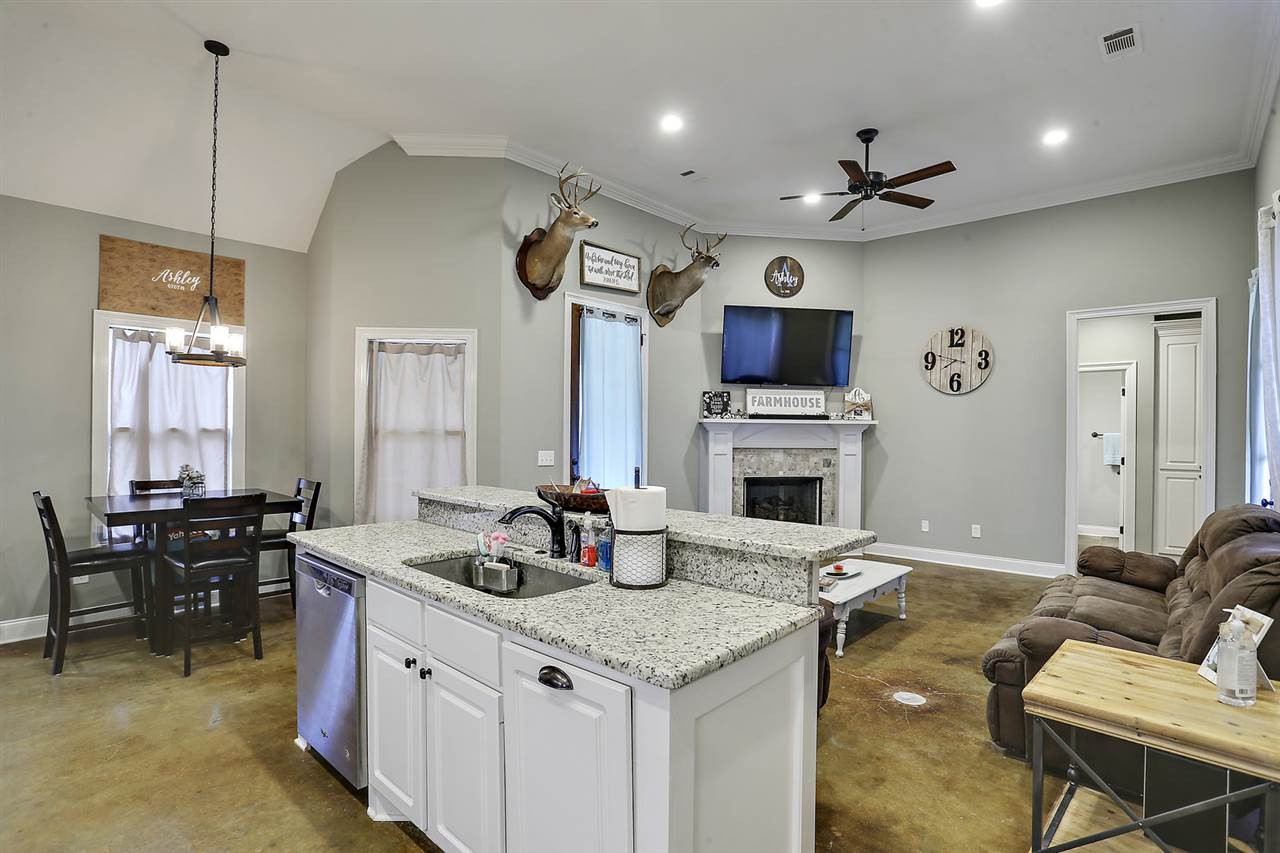 612 Greenfield Ridge Drive Brandon, MS 39042 - Photo 11 of 25 Photo 11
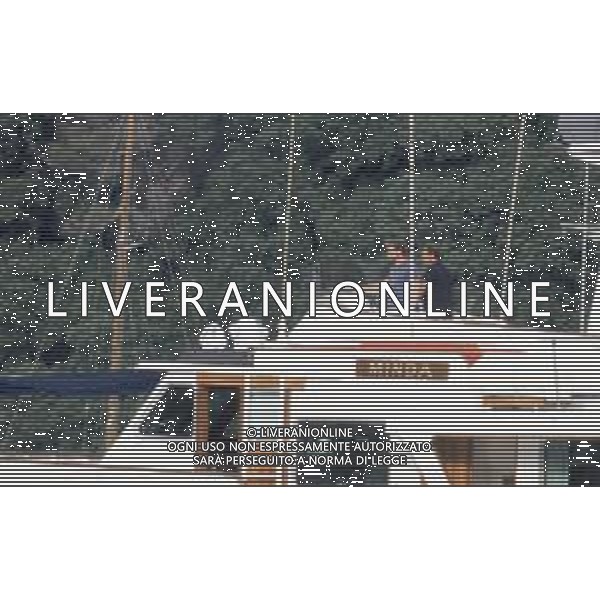 DIAP-RETROSPETTIVA ROGER MOORE ATTORE NELLA FOTO ROGER MOORE NELL\'ANNO 1985 AG ALDO LIVERANI SAS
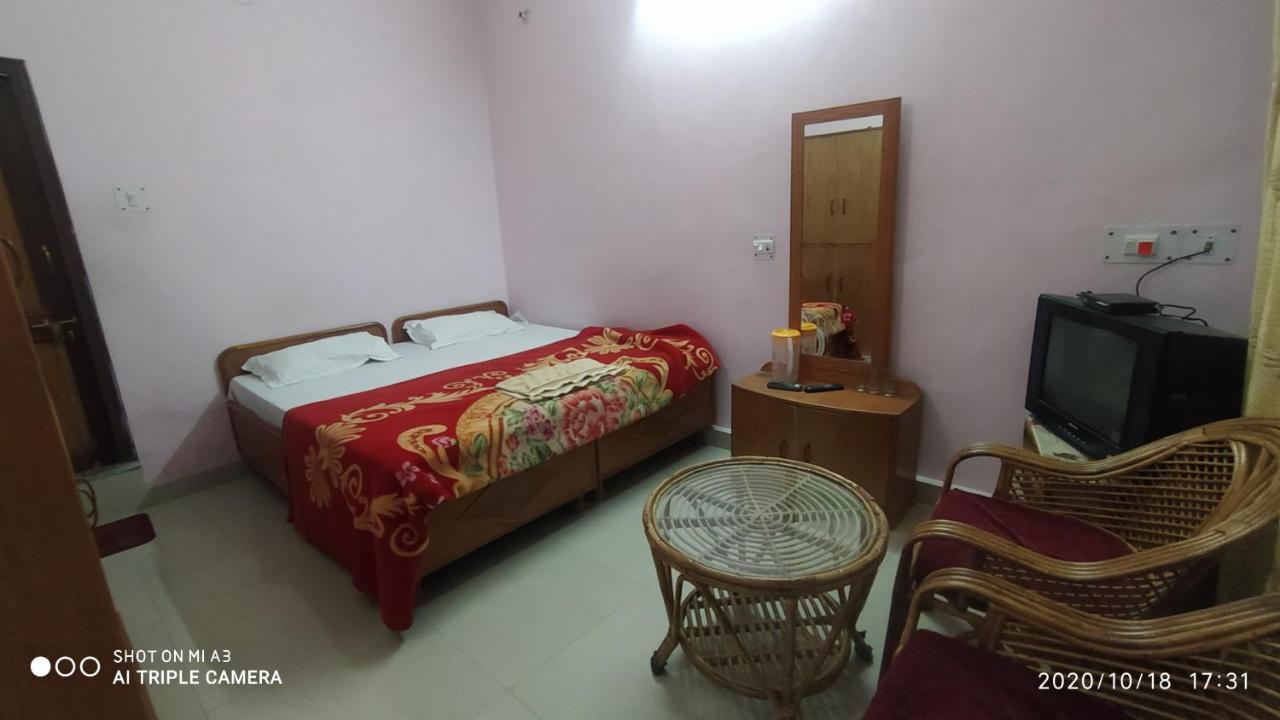 Hotel Himalayan Inn Uttarkashi ภายนอก รูปภาพ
※ ※ ※
### Exercise brief:
When repeating the material above, keep every line exact and drop all pictures.

### Answer area:
 612 Greenfield Ridge Drive Brandon, MS 39042 - Photo 11 of 25 Photo 11
 DIAP-RETROSPETTIVA ROGER MOORE ATTORE NELLA FOTO ROGER MOORE NELL\'ANNO 1985 AG ALDO LIVERANI SAS
 Hotel Himalayan Inn Uttarkashi ภายนอก รูปภาพ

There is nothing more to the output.